Na verdade, ainda faltava mais um lance de rampas, o último, até o terceiro andar, destino final da odisseia hospitalar. Ficara com vergonha de pedir o auxílio do colega para subir mais um lance.

Reuniu as forças que não tinha e as que sonhava em ter, provocando o costumeiro e fundamental impulso, e encarou o desafio, empurrando ladeira acima, num esforço descomunal, o corpo volumoso de Ernestina, até conseguir alcançar o piso superior.

Deu uma pausa e foi respirando vagarosamente, até voltar completamente o fôlego, a consciência e a memória de onde realmente estava. Olhou para frente e percebeu que em mais alguns metros poderia acessar a porta que o afastava do ponto de chegada.

Abriu um sorriso vitorioso, sentindo força verdadeira em seus braços, e empurrou a cadeira até abrir a porta e parar três passos adiante. Olhou para Ernestina e falou em tom de felicidade: “Chegamos vovó! Vamos fazer o exame. Onde a senhora sente dor?” 

Ernestina que permanecera calada até então, com o semblante surpreso, revelou: “Não dói em lugar nenhum, não estou doente. Estou muito bem, aliás”. “Como assim?”, perguntou mais surpreso ainda o auxiliar de enfermagem, “Porque a senhora está internada, então?”.

“Não estou internada meu filho, só vim visitar minha amiga Deodora. Ela que está doente”, explicou pacientemente Ernestina. Desnorteado, parecendo não acreditar naquilo que acabara de ouvir, Mateus inqueriu novamente: “Mas, onde está a paciente? E por que, então, a senhora sentou na cadeira e veio calada até aqui?”
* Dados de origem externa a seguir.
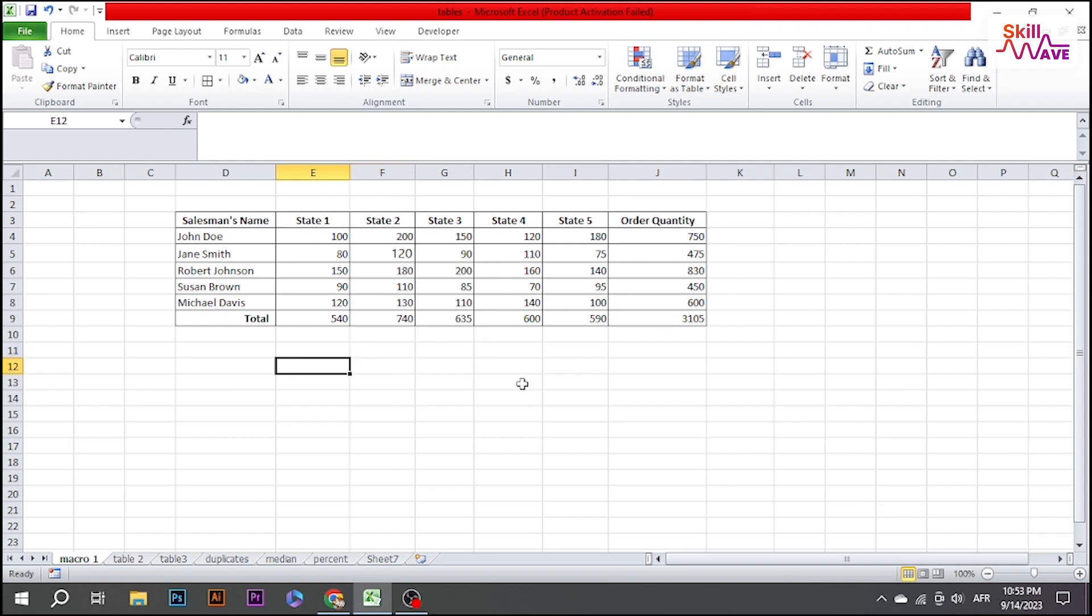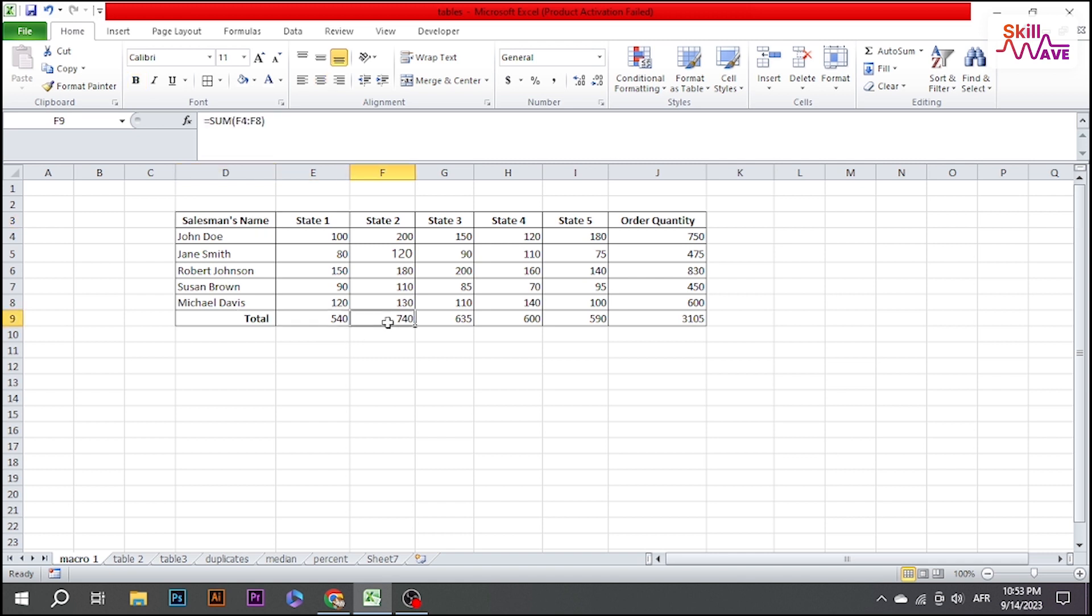Hello everyone, welcome to Skill Wave. In this tutorial, we will be looking at the simplest way how to add a row in Excel. So let's have a look now.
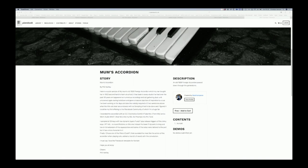Alas, the melody required a D2 semitones above what this little old dear was endowed with, so sampling it had to be done and I figured it could be my first offering to the piano book community, of which I'm a huge fan.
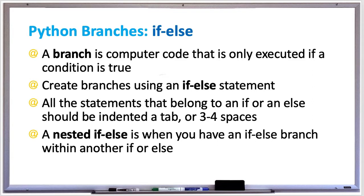Indentations are done usually with one tab or three to four spaces, but you shouldn't mix up spaces and tabs for indentation. My personal preference is just to use a tab. Also, if you're using an IDE like PyCharm, it'll auto indent for you sometimes once you start off the indentation.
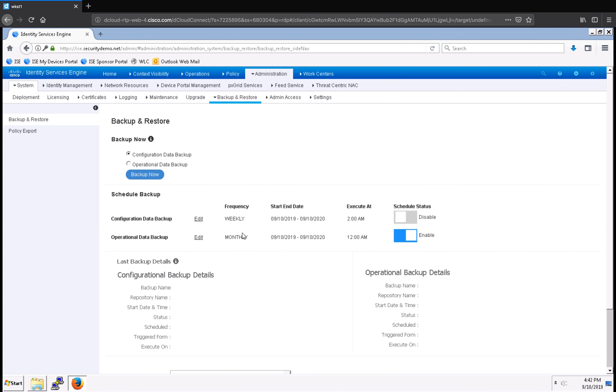And you can see now that I've got both of those configured. As you save them, it is enabled by default, and so I'm going to also enable my configuration data backup.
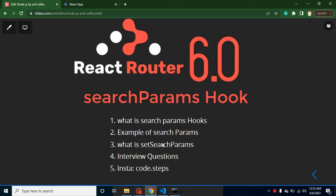Hi developers, welcome back to Code Step by Step. My name is Anil, and in this React Router 6 part we are going to learn about the useSearchParams hook. I'll cover what it is, give examples, explain setSearchParams, and at the end we'll discuss some important interview questions related to the search param hook.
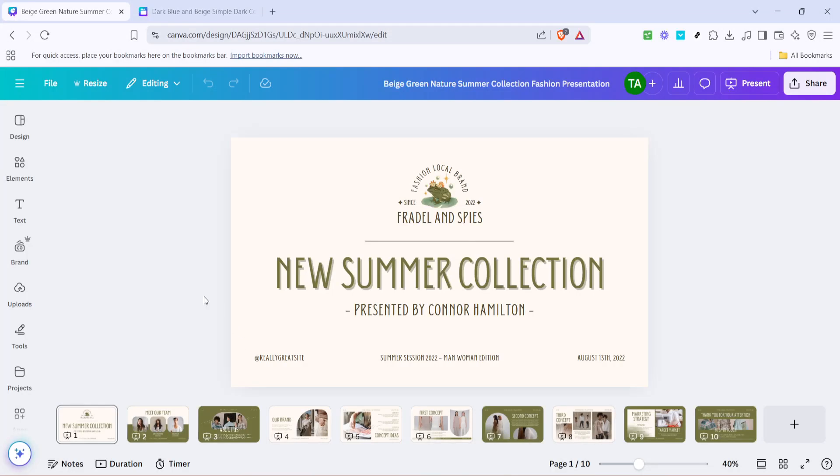In today's video, I'm going to teach you how to copy one design to another in Canva. This process can be incredibly useful when you're working on multiple projects and want to maintain a consistent theme or aesthetic. Let's dive into the steps that will make this task a breeze.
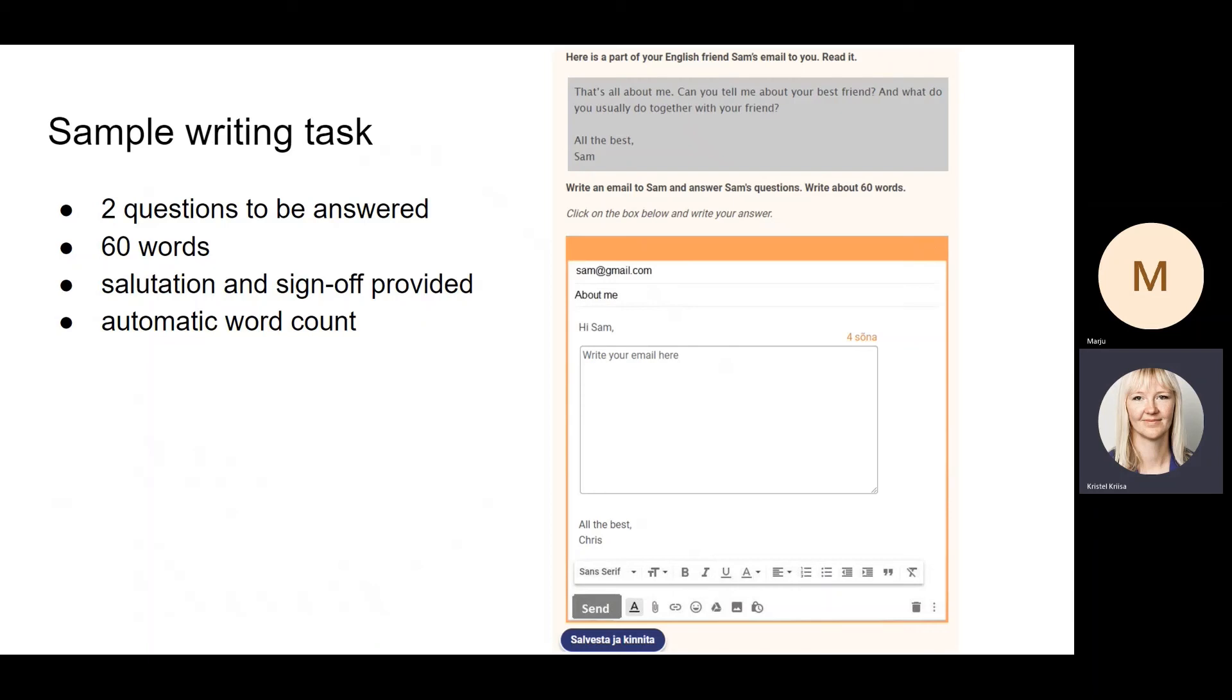It looks quite authentic, and the students who have taken the test during the pilot have said that it's convenient and easier than writing tasks or writing emails on paper, which obviously is not very authentic either.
“Ué, você mandou eu sentar que a gente ia passear, eu fui. A Deodora estava no banheiro e, já que eu ia ficar esperando ela, resolvi aceitar sua oferta” Esclareceu, finalmente, Ernestina.

Os outros funcionários na sala demoraram a entender o imbróglio. Uns ficaram admirados do ocorrido, outros com toda força possível contiveram a gargalhada. Mateus, ainda processando mentalmente toda história, soltou os ombros e um longo suspiro.

Deu meia volta empurrando a cadeira, agora ladeira abaixo, fato que demanda também muita força e cuidado redobrado para segurar todo aquele peso que, segundo as leis da física, poderia acelerar rampas abaixo, atropelando Mateus e qualquer outro apóstolo que estivesse no caminho.

O auxiliar, retomado o raciocínio, só pensava que, além do esforço da descida, teria que refazer todo o caminho de volta ladeira acima. Por fim, falou para si mesmo em pensamento: O engano provoca sofrimento dobrado. Pegou sua cadeira e seguiu.